Also, theres never any links of real world examples of cloaking here. I've love to see one if anybody knows of any site. Thanks.
Sam =)
You can opt out of the caching system - but that can be flagged as a potential spam problem (Google class cloaking as spam) and you will be banned faster than Michael Schumacher's weekend car if you are cloaking (it is VERY easy to spot cloaking for Google, but takes up lots of bandwidth unless they can narrow down the high potentials).
I am sure ther are cloakers out there reading this post with a big smaile on their face.
Personally I have never used cloaking, however have talked to a couple in my life.
1 of them is so cloaked, that I dont even know whether the dude actually exists :)

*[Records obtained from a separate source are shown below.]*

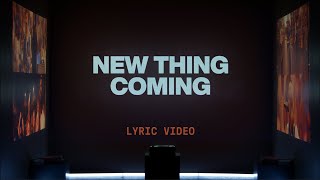 New Thing Coming (Tiffany Hudson &amp; Steven Furtick) | Official Lyric Video | Elevation Worship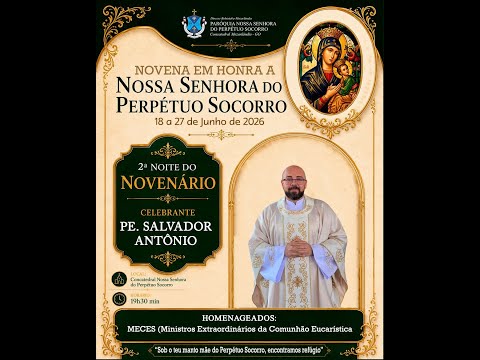 SANTA MISSA,2º  DE NOVENA NOSSA SENHORA DO PERPETUO SOCORRO
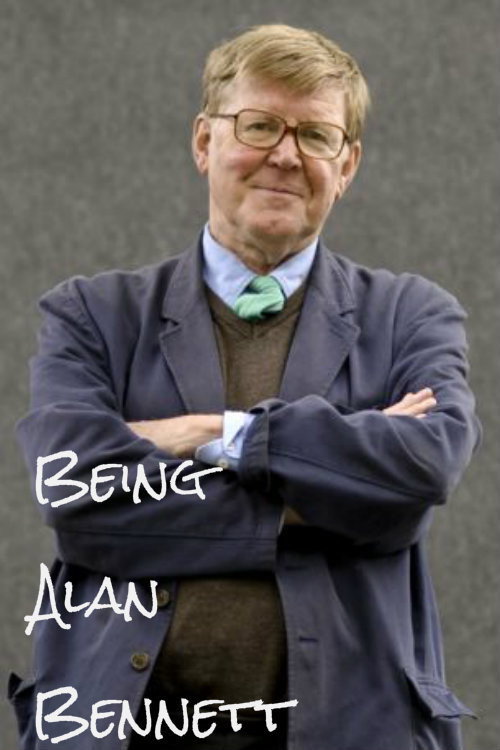 Being Alan Bennett Poster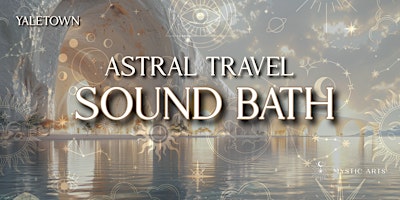Imagem principal do evento Sound Bath for Astral Travel in Yaletown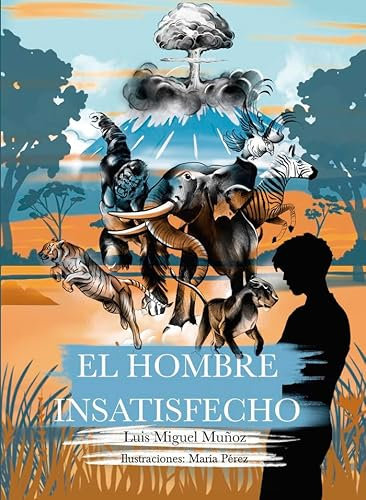 El hombre insatisfecho (Ágora, Band 49)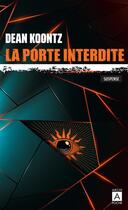 Couverture du livre « La porte interdite » de Dean Ray Koontz aux éditions Archipoche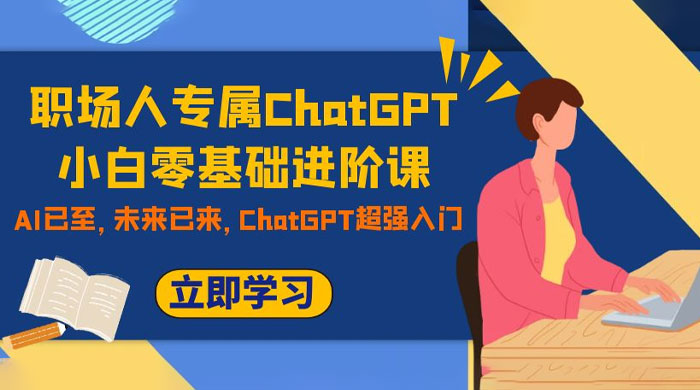 职场人专属 ChatGPT 小白零基础进阶课，AI 已至，未来已来，ChatGPT 超强入门 - Hope`Chen资源网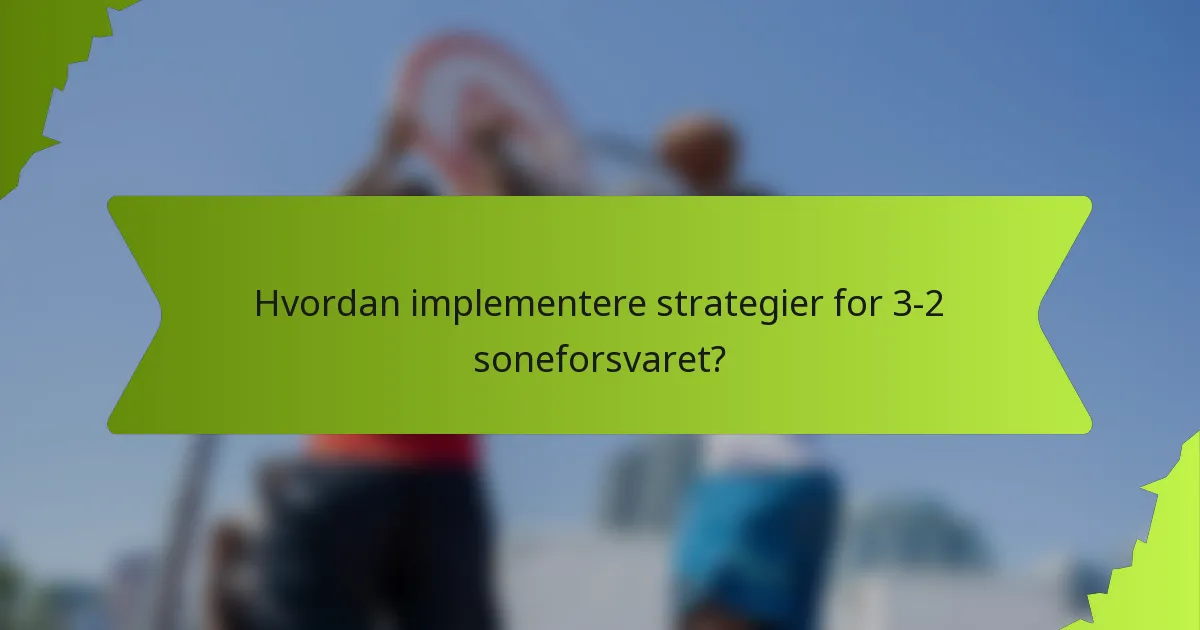 Hvordan implementere strategier for 3-2 soneforsvaret?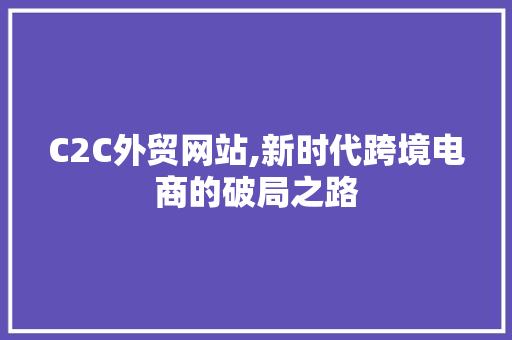 C2C外贸网站,新时代跨境电商的破局之路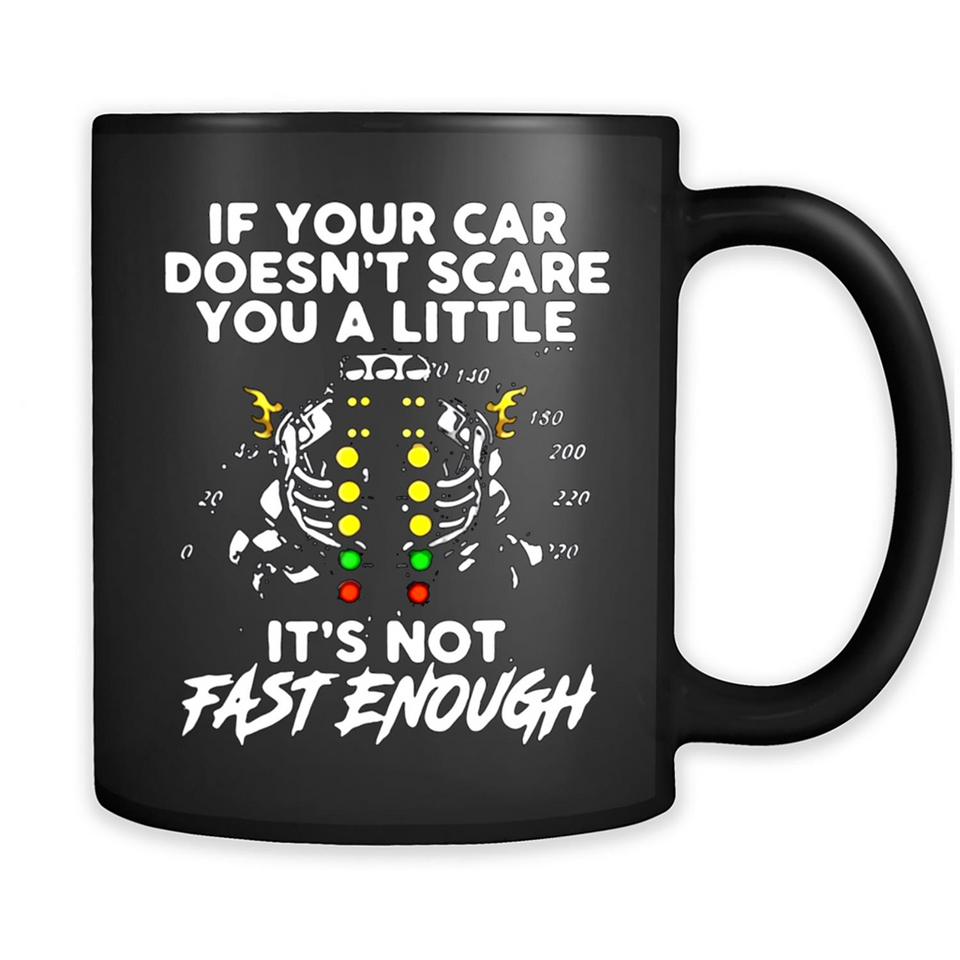 If Your Car Doesnt Scare You A Little Its Not Fast Enough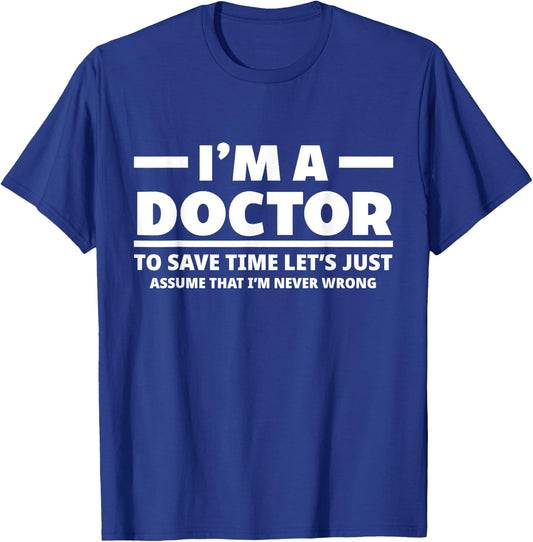 I'm A Doctor Never Wrong Funny Docor Medical Student T-Shirt - T-Shirt | Royal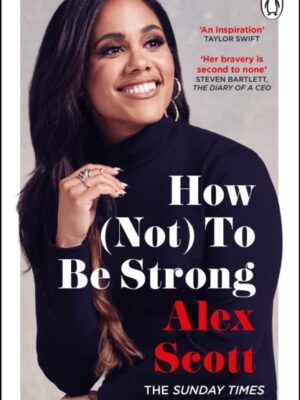 How (Not) To Be Strong : The inspirational instant Sunday Times Bestseller from the legendary Lioness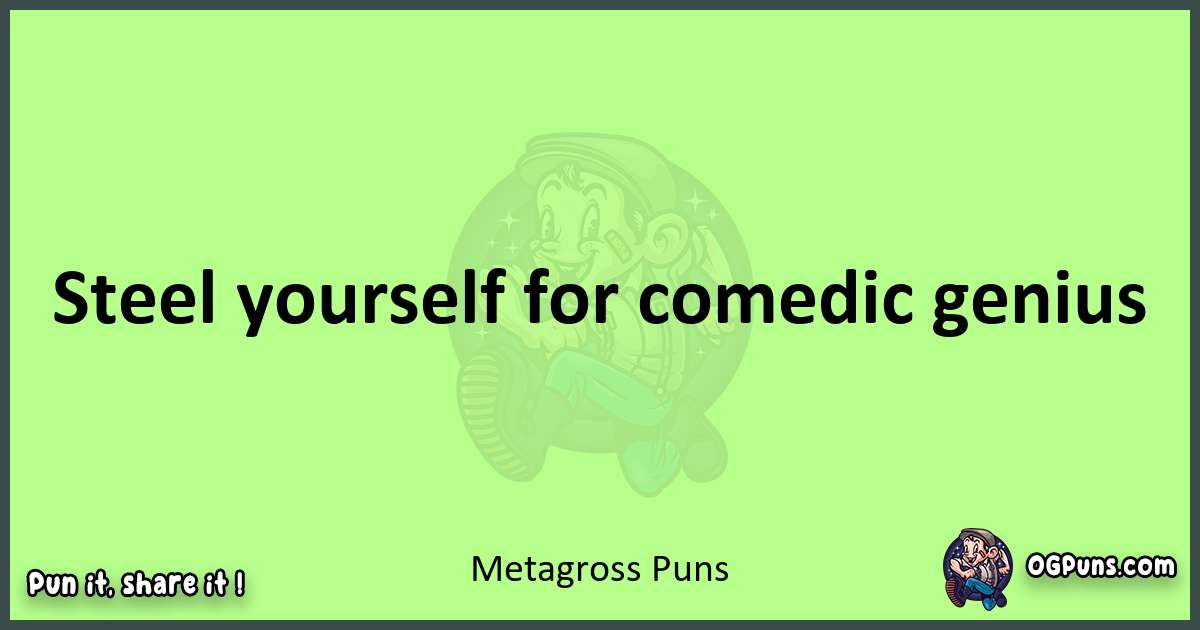 short Metagross puns pun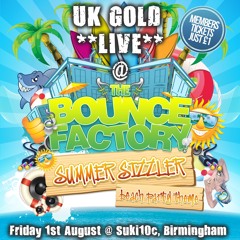 UK GOLD **LIVE** @ The Bounce Factory - Summer Sizzler  [01/08/14]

sure everything is possible, however doubt anyone is spilling the beans.
Shak
Case of weighing risk against reward. If you make $1000 a day for 4mts or a year, is it worth the time spent building it?
If you earn nothing or very little, who cares anyway? ;)
You'll get caught if you're in a competitive area almost for sure but, WHEN is the important question...
Nick
I use ASP in order to direct the user to a different page dependent on the url they typed...
ie I have *.url.com subdomains that are all mapped to the same virtual server. Each property in my database has a subdomain associated to it. So when the user hits the url it does a lookup on the subdomain, compares it against the database and redirects to the relevent property
Would this be considered as Cloaking, spamming or any other black mark as far as the search engine is concerend?
Thanks
I don't think what you describe can be called cloaking at all, since a different URL must be called to access the different content.
Cloaking is when different content is served depending on the identity of the requestor.
Whether or not what you are doing might be penalized depends on exactly how you do it. If it is transparent to the search engines (for example, no redirect codes are sent, the URL doesn't change, etc.) then you probably won't be penalized.